**Exercise goal:** Output exactly, and only, the lines below from the one with "2018 Toyota RAV4" down to the one with "9036 Ramsgate Ave". Include both end lines and no pictures.

**Records for the exercise:**
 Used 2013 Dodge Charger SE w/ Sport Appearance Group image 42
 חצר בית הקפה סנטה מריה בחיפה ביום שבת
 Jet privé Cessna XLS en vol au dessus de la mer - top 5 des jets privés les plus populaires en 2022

...

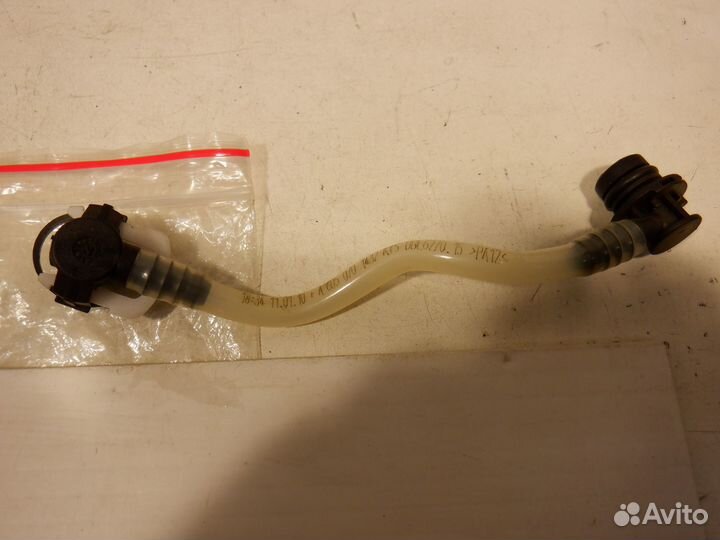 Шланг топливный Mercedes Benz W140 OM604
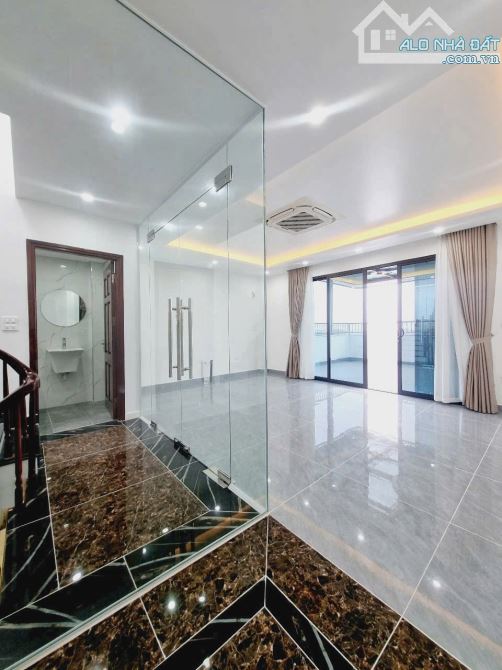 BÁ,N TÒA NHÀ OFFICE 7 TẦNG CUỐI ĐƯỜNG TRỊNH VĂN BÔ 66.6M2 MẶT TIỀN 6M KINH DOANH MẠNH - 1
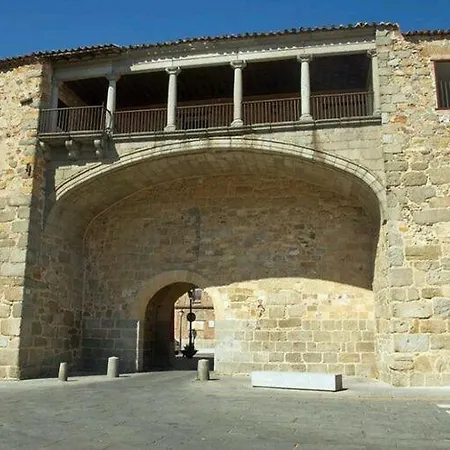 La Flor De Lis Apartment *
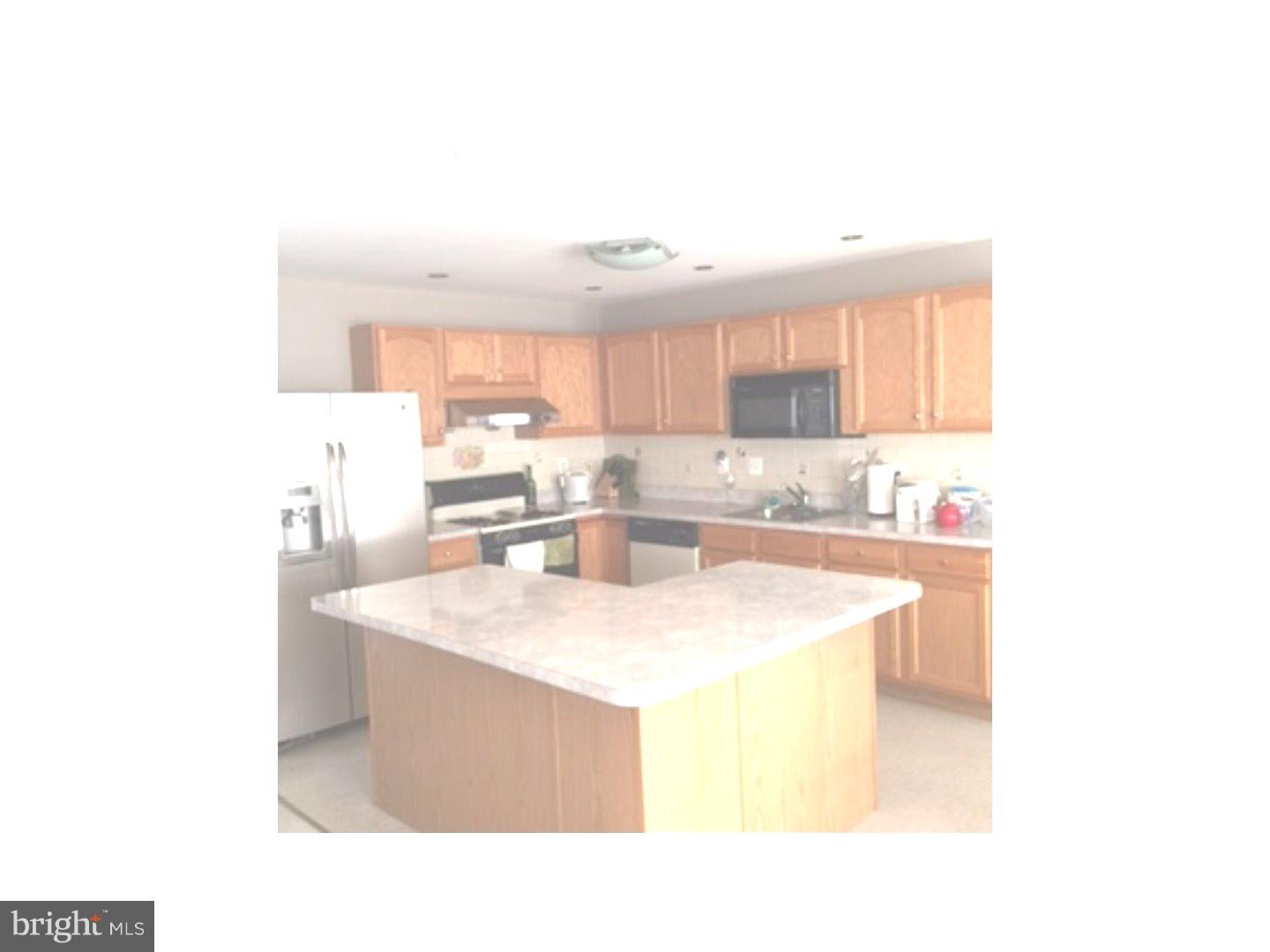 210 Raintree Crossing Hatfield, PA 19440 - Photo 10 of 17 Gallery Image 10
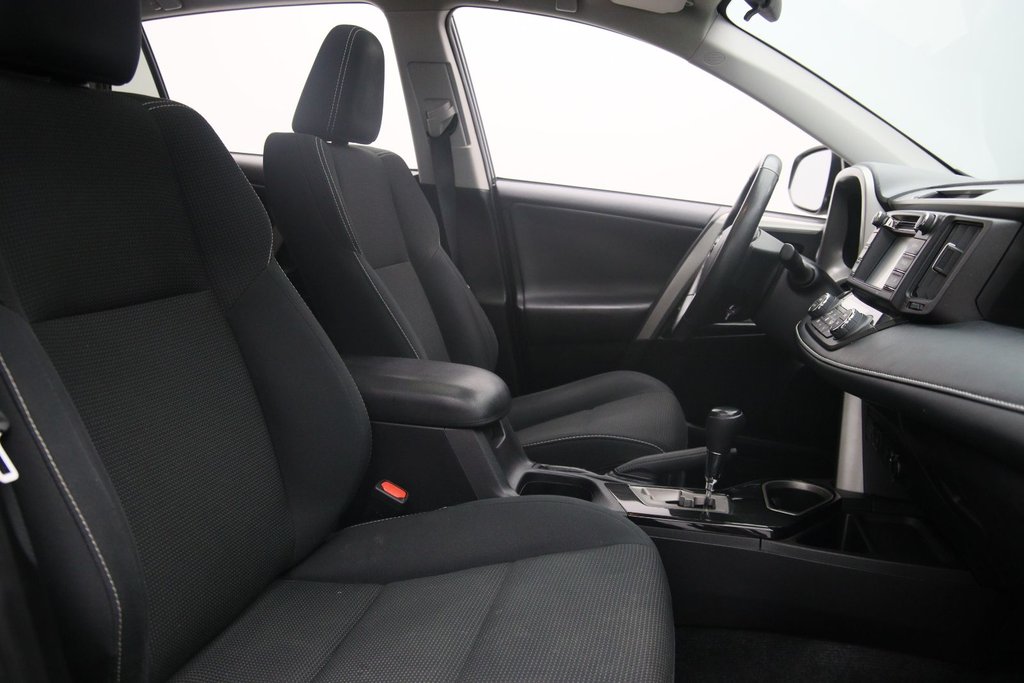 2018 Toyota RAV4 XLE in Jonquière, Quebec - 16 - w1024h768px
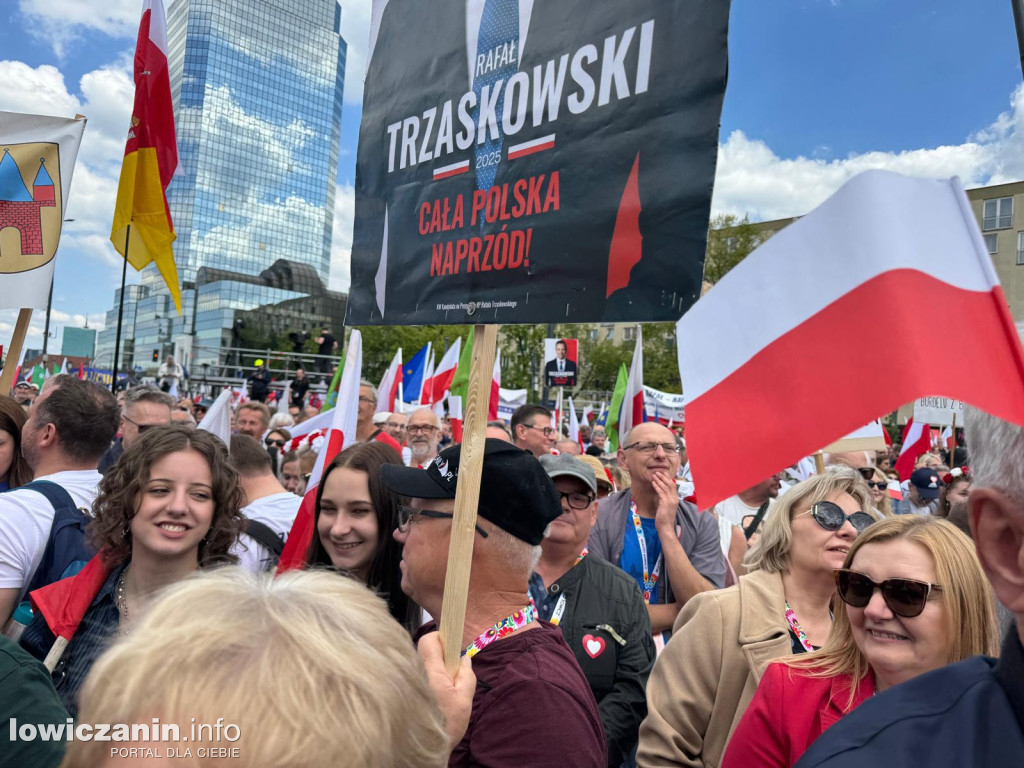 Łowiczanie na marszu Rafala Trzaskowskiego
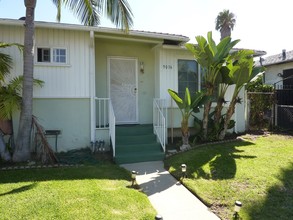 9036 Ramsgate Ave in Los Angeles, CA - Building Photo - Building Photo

* * *

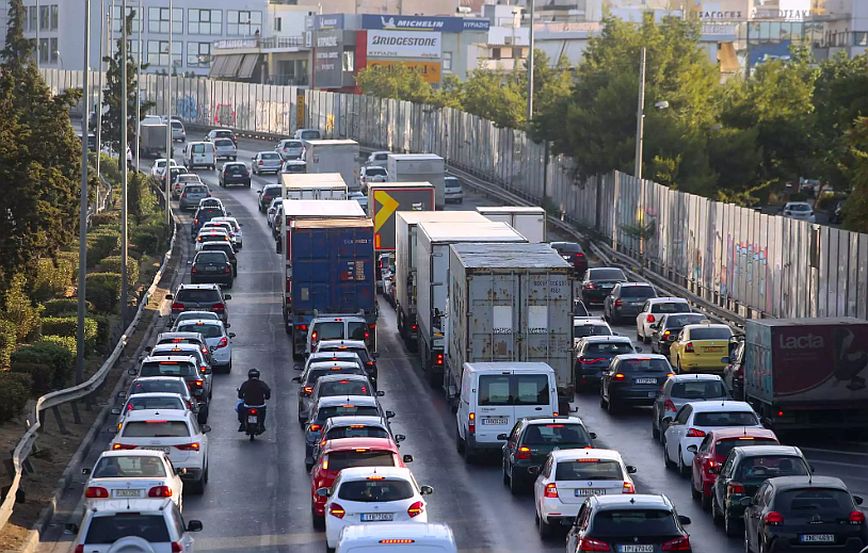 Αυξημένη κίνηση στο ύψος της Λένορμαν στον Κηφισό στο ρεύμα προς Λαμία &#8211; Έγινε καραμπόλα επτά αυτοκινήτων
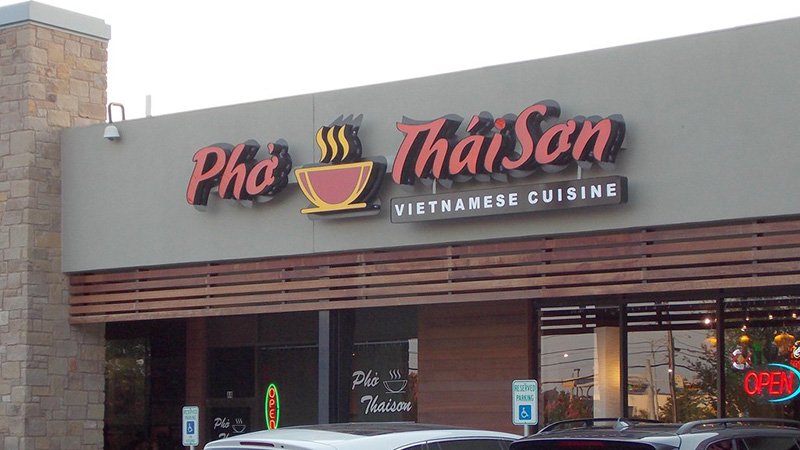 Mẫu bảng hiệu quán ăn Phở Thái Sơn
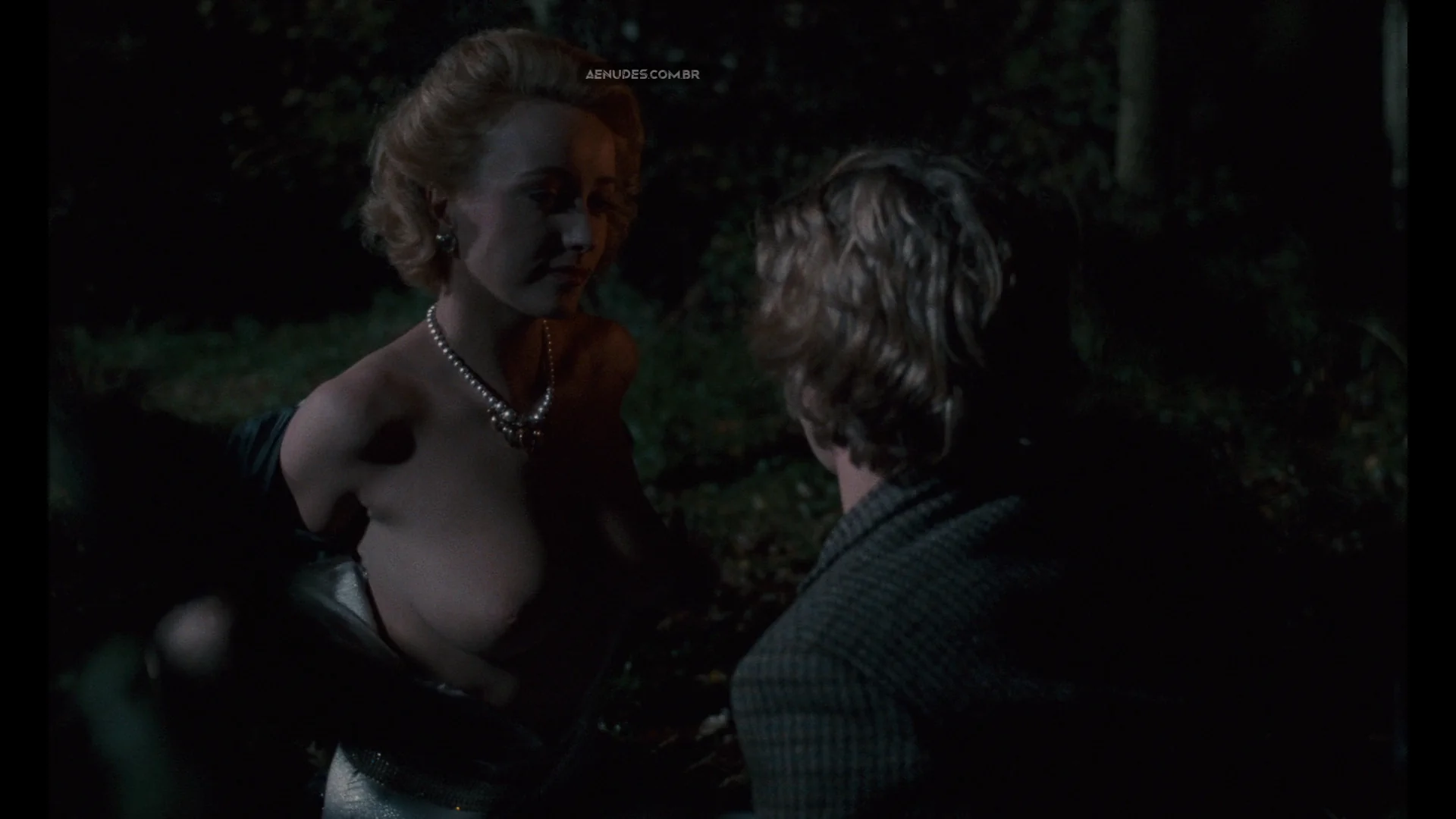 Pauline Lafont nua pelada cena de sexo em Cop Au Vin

**Problem solution:**
 2018 Toyota RAV4 XLE in Jonquière, Quebec - 16 - w1024h768px
 Łowiczanie na marszu Rafala Trzaskowskiego
 9036 Ramsgate Ave in Los Angeles, CA - Building Photo - Building Photo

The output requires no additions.